* The problem *
However many lines the data holds, transcribe them all exactly.

──────────────────────────────

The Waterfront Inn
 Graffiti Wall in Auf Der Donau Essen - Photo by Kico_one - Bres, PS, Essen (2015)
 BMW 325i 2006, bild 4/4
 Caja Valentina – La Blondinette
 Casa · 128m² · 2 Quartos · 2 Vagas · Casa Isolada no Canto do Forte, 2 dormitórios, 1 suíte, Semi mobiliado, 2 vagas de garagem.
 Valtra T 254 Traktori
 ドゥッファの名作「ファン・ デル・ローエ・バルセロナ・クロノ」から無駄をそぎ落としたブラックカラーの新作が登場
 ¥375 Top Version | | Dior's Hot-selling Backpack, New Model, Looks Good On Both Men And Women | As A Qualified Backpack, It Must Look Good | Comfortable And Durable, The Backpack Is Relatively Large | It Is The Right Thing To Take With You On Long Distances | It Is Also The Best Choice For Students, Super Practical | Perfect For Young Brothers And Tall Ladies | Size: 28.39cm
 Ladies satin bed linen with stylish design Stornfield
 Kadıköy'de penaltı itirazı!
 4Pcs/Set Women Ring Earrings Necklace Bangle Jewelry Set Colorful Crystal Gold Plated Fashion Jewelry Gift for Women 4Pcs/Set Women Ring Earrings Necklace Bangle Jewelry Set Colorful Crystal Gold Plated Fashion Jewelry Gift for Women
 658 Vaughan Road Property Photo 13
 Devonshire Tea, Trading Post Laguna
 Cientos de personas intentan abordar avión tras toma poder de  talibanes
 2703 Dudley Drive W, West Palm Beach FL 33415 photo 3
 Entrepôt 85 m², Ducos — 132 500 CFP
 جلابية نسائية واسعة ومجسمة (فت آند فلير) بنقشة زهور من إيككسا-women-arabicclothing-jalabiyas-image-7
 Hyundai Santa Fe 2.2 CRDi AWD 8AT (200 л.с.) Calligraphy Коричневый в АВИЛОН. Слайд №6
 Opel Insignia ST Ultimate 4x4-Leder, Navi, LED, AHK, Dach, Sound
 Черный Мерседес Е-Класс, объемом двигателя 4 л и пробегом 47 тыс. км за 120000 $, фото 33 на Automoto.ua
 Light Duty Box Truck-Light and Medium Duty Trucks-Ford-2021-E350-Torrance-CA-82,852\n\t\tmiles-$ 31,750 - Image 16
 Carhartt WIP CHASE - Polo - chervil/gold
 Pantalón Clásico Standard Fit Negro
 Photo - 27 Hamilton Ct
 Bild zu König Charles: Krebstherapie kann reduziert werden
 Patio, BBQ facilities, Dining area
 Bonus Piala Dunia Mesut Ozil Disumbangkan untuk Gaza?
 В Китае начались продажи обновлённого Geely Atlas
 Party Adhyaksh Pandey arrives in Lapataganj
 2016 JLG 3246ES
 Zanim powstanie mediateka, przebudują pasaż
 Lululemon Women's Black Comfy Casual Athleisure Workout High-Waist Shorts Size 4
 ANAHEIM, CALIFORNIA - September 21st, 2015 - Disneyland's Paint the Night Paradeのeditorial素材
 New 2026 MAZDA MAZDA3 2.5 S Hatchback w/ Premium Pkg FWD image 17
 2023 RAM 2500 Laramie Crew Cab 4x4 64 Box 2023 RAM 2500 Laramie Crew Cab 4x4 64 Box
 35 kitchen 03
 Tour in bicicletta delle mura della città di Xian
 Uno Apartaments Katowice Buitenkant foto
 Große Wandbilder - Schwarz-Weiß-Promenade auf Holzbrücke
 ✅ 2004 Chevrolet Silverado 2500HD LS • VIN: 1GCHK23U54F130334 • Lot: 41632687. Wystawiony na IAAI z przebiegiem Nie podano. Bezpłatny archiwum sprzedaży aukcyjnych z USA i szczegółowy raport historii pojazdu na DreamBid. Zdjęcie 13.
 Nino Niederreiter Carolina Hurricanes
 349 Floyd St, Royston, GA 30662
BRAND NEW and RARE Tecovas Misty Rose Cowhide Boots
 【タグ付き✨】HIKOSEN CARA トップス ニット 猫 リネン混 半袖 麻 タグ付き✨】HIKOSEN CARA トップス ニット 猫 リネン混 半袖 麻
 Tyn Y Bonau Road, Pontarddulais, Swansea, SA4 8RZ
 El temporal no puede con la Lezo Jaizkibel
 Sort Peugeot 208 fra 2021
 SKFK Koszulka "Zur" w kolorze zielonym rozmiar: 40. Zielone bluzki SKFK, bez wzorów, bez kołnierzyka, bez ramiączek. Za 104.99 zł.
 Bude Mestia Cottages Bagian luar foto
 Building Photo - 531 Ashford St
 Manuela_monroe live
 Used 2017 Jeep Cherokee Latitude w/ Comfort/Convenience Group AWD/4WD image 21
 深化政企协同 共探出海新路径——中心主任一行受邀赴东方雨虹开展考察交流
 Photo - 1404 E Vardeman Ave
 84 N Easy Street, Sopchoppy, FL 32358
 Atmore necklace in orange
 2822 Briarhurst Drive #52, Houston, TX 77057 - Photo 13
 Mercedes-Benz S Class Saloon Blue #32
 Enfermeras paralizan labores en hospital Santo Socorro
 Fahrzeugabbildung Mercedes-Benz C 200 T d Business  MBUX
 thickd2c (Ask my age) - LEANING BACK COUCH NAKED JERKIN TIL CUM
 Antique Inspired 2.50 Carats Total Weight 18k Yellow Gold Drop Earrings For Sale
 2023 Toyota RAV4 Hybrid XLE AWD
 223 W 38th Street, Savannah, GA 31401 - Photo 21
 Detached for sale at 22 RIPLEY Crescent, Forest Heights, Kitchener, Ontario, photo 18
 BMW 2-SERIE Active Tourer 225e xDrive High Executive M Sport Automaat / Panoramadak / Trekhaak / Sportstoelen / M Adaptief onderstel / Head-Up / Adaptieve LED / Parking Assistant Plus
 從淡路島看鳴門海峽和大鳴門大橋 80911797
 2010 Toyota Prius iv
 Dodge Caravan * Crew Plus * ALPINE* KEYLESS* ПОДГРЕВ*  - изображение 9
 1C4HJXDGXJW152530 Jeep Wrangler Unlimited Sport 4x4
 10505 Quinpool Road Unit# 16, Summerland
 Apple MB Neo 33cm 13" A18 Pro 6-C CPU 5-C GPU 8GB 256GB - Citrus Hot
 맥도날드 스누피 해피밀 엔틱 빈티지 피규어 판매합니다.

──────────────────────────────

* Answer to the problem *
The Waterfront Inn
 Graffiti Wall in Auf Der Donau Essen - Photo by Kico_one - Bres, PS, Essen (2015)
 BMW 325i 2006, bild 4/4
 Caja Valentina – La Blondinette
 Casa · 128m² · 2 Quartos · 2 Vagas · Casa Isolada no Canto do Forte, 2 dormitórios, 1 suíte, Semi mobiliado, 2 vagas de garagem.
 Valtra T 254 Traktori
 ドゥッファの名作「ファン・ デル・ローエ・バルセロナ・クロノ」から無駄をそぎ落としたブラックカラーの新作が登場
 ¥375 Top Version | | Dior's Hot-selling Backpack, New Model, Looks Good On Both Men And Women | As A Qualified Backpack, It Must Look Good | Comfortable And Durable, The Backpack Is Relatively Large | It Is The Right Thing To Take With You On Long Distances | It Is Also The Best Choice For Students, Super Practical | Perfect For Young Brothers And Tall Ladies | Size: 28.39cm
 Ladies satin bed linen with stylish design Stornfield
 Kadıköy'de penaltı itirazı!
 4Pcs/Set Women Ring Earrings Necklace Bangle Jewelry Set Colorful Crystal Gold Plated Fashion Jewelry Gift for Women 4Pcs/Set Women Ring Earrings Necklace Bangle Jewelry Set Colorful Crystal Gold Plated Fashion Jewelry Gift for Women
 658 Vaughan Road Property Photo 13
 Devonshire Tea, Trading Post Laguna
 Cientos de personas intentan abordar avión tras toma poder de  talibanes
 2703 Dudley Drive W, West Palm Beach FL 33415 photo 3
 Entrepôt 85 m², Ducos — 132 500 CFP
 جلابية نسائية واسعة ومجسمة (فت آند فلير) بنقشة زهور من إيككسا-women-arabicclothing-jalabiyas-image-7
 Hyundai Santa Fe 2.2 CRDi AWD 8AT (200 л.с.) Calligraphy Коричневый в АВИЛОН. Слайд №6
 Opel Insignia ST Ultimate 4x4-Leder, Navi, LED, AHK, Dach, Sound
 Черный Мерседес Е-Класс, объемом двигателя 4 л и пробегом 47 тыс. км за 120000 $, фото 33 на Automoto.ua
 Light Duty Box Truck-Light and Medium Duty Trucks-Ford-2021-E350-Torrance-CA-82,852\n\t\tmiles-$ 31,750 - Image 16
 Carhartt WIP CHASE - Polo - chervil/gold
 Pantalón Clásico Standard Fit Negro
 Photo - 27 Hamilton Ct
 Bild zu König Charles: Krebstherapie kann reduziert werden
 Patio, BBQ facilities, Dining area
 Bonus Piala Dunia Mesut Ozil Disumbangkan untuk Gaza?
 В Китае начались продажи обновлённого Geely Atlas
 Party Adhyaksh Pandey arrives in Lapataganj
 2016 JLG 3246ES
 Zanim powstanie mediateka, przebudują pasaż
 Lululemon Women's Black Comfy Casual Athleisure Workout High-Waist Shorts Size 4
 ANAHEIM, CALIFORNIA - September 21st, 2015 - Disneyland's Paint the Night Paradeのeditorial素材
 New 2026 MAZDA MAZDA3 2.5 S Hatchback w/ Premium Pkg FWD image 17
 2023 RAM 2500 Laramie Crew Cab 4x4 64 Box 2023 RAM 2500 Laramie Crew Cab 4x4 64 Box
 35 kitchen 03
 Tour in bicicletta delle mura della città di Xian
 Uno Apartaments Katowice Buitenkant foto
 Große Wandbilder - Schwarz-Weiß-Promenade auf Holzbrücke
 ✅ 2004 Chevrolet Silverado 2500HD LS • VIN: 1GCHK23U54F130334 • Lot: 41632687. Wystawiony na IAAI z przebiegiem Nie podano. Bezpłatny archiwum sprzedaży aukcyjnych z USA i szczegółowy raport historii pojazdu na DreamBid. Zdjęcie 13.
 Nino Niederreiter Carolina Hurricanes
 349 Floyd St, Royston, GA 30662
BRAND NEW and RARE Tecovas Misty Rose Cowhide Boots
 【タグ付き✨】HIKOSEN CARA トップス ニット 猫 リネン混 半袖 麻 タグ付き✨】HIKOSEN CARA トップス ニット 猫 リネン混 半袖 麻
 Tyn Y Bonau Road, Pontarddulais, Swansea, SA4 8RZ
 El temporal no puede con la Lezo Jaizkibel
 Sort Peugeot 208 fra 2021
 SKFK Koszulka "Zur" w kolorze zielonym rozmiar: 40. Zielone bluzki SKFK, bez wzorów, bez kołnierzyka, bez ramiączek. Za 104.99 zł.
 Bude Mestia Cottages Bagian luar foto
 Building Photo - 531 Ashford St
 Manuela_monroe live
 Used 2017 Jeep Cherokee Latitude w/ Comfort/Convenience Group AWD/4WD image 21
 深化政企协同 共探出海新路径——中心主任一行受邀赴东方雨虹开展考察交流
 Photo - 1404 E Vardeman Ave
 84 N Easy Street, Sopchoppy, FL 32358
 Atmore necklace in orange
 2822 Briarhurst Drive #52, Houston, TX 77057 - Photo 13
 Mercedes-Benz S Class Saloon Blue #32
 Enfermeras paralizan labores en hospital Santo Socorro
 Fahrzeugabbildung Mercedes-Benz C 200 T d Business  MBUX
 thickd2c (Ask my age) - LEANING BACK COUCH NAKED JERKIN TIL CUM
 Antique Inspired 2.50 Carats Total Weight 18k Yellow Gold Drop Earrings For Sale
 2023 Toyota RAV4 Hybrid XLE AWD
 223 W 38th Street, Savannah, GA 31401 - Photo 21
 Detached for sale at 22 RIPLEY Crescent, Forest Heights, Kitchener, Ontario, photo 18
 BMW 2-SERIE Active Tourer 225e xDrive High Executive M Sport Automaat / Panoramadak / Trekhaak / Sportstoelen / M Adaptief onderstel / Head-Up / Adaptieve LED / Parking Assistant Plus
 從淡路島看鳴門海峽和大鳴門大橋 80911797
 2010 Toyota Prius iv
 Dodge Caravan * Crew Plus * ALPINE* KEYLESS* ПОДГРЕВ*  - изображение 9
 1C4HJXDGXJW152530 Jeep Wrangler Unlimited Sport 4x4
 10505 Quinpool Road Unit# 16, Summerland
 Apple MB Neo 33cm 13" A18 Pro 6-C CPU 5-C GPU 8GB 256GB - Citrus Hot
 맥도날드 스누피 해피밀 엔틱 빈티지 피규어 판매합니다.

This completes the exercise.